(Short descriptive text snippets)

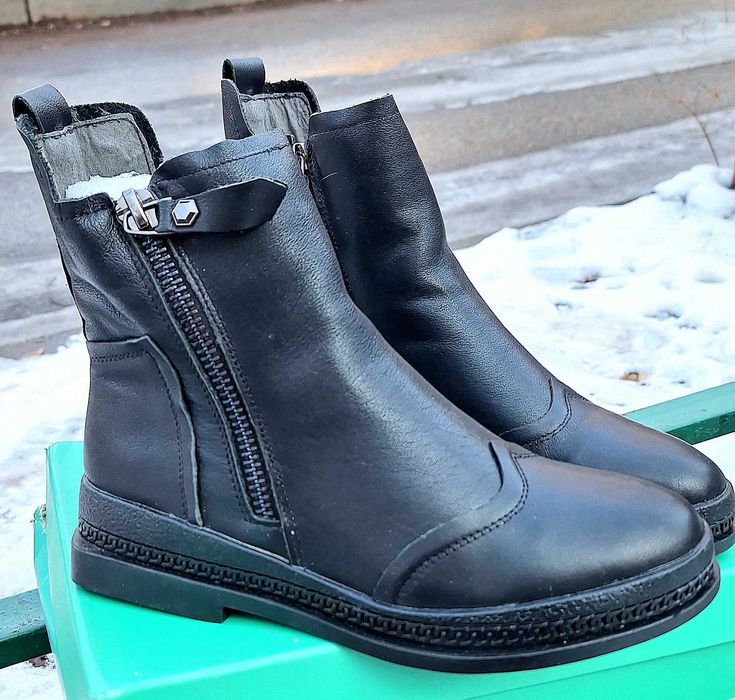 Продам зимние женские ботинки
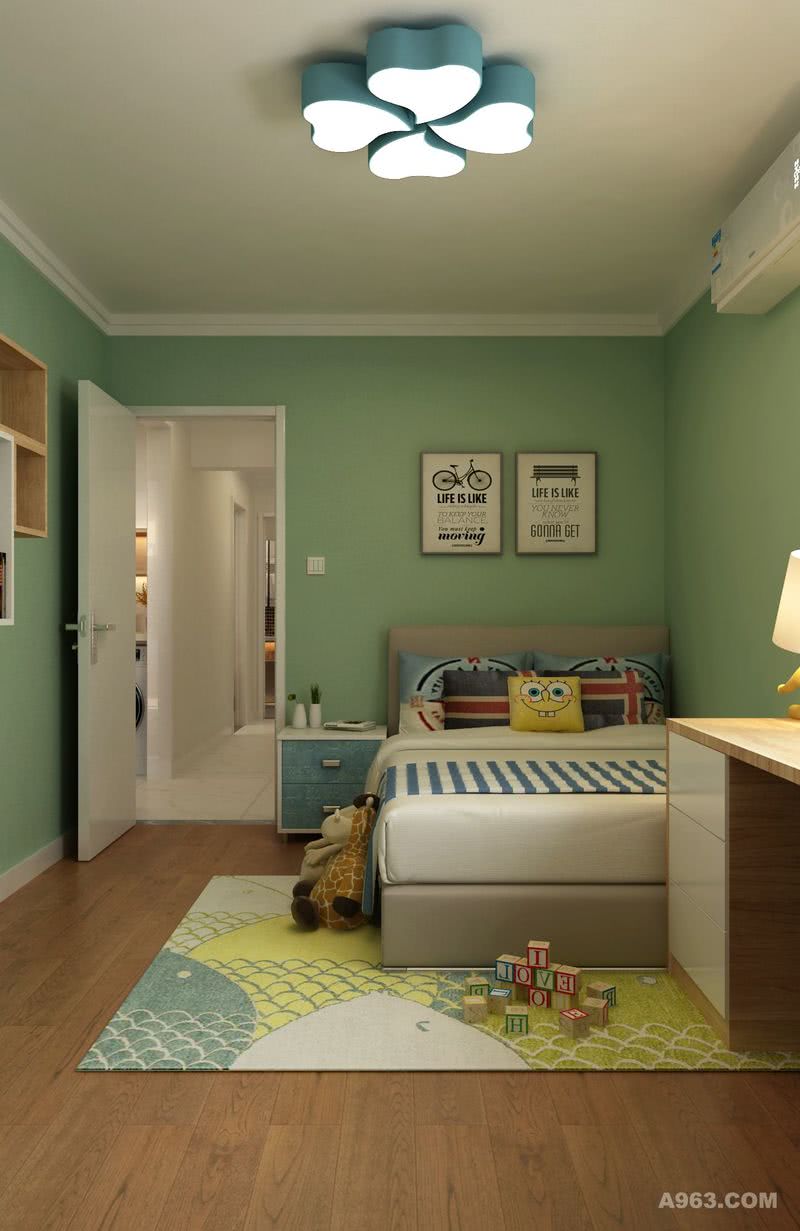 儿童房刷成浅绿色，吊灯也用了相近色，款式可爱。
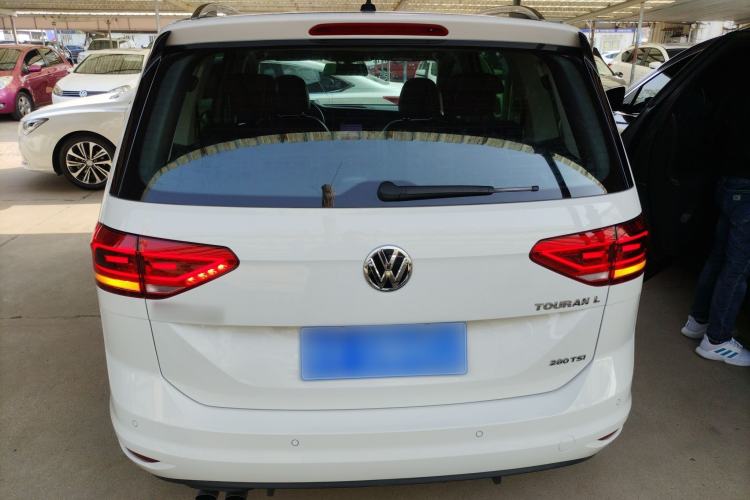 Used Volkswagen Touran 2018 Volkswagen Touran L 280TSI DSG Comfort Edition 7 Seats China VI Standard Rear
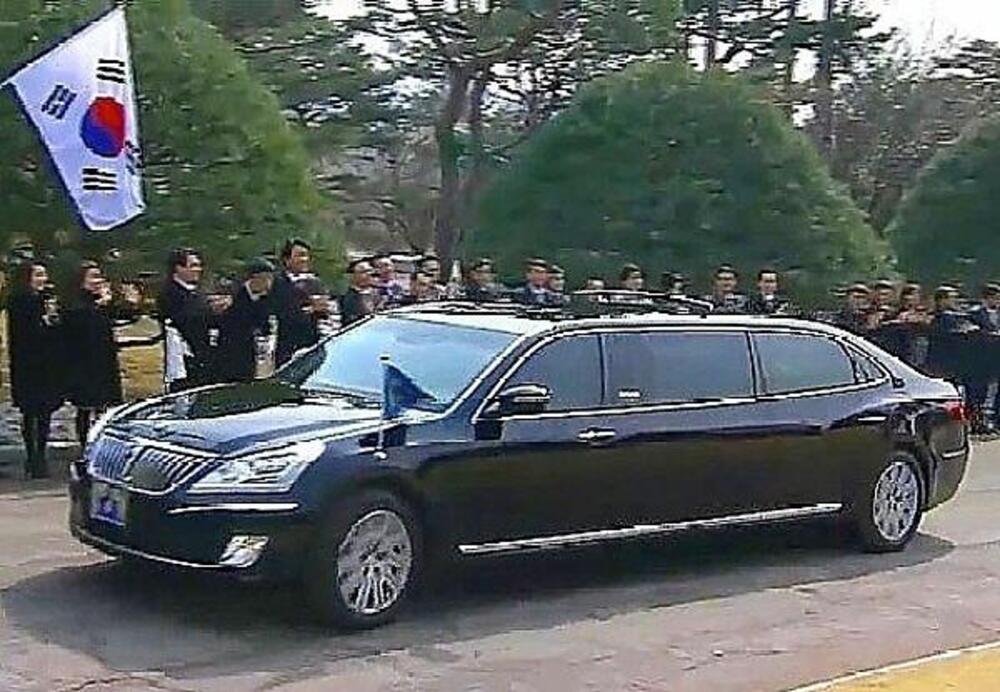 COREA DEL SUD Il Presidente Young Suk Keol usa una Hyundai Equus VL500 blindata.
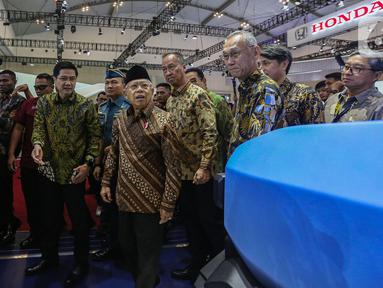 Wakil Presiden Republik Indonesia, Ma'ruf Amin mengunjungi ruang pamer usai membuka ajang otomotif Gaikindo Indonesia International Auto Show (GIIAS) 2024 di Indonesia Convention Exhibition (ICE) BSD, Serpong, Kabupaten Tangerang, Banten, Kamis (18/7/2024). (Liputan6.com/Angga Yuniar)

Your goal: Restate the records above word for word, without the pictures.

Solution:
 Продам зимние женские ботинки
 儿童房刷成浅绿色，吊灯也用了相近色，款式可爱。
 Used Volkswagen Touran 2018 Volkswagen Touran L 280TSI DSG Comfort Edition 7 Seats China VI Standard Rear
 COREA DEL SUD Il Presidente Young Suk Keol usa una Hyundai Equus VL500 blindata.
 Wakil Presiden Republik Indonesia, Ma'ruf Amin mengunjungi ruang pamer usai membuka ajang otomotif Gaikindo Indonesia International Auto Show (GIIAS) 2024 di Indonesia Convention Exhibition (ICE) BSD, Serpong, Kabupaten Tangerang, Banten, Kamis (18/7/2024). (Liputan6.com/Angga Yuniar)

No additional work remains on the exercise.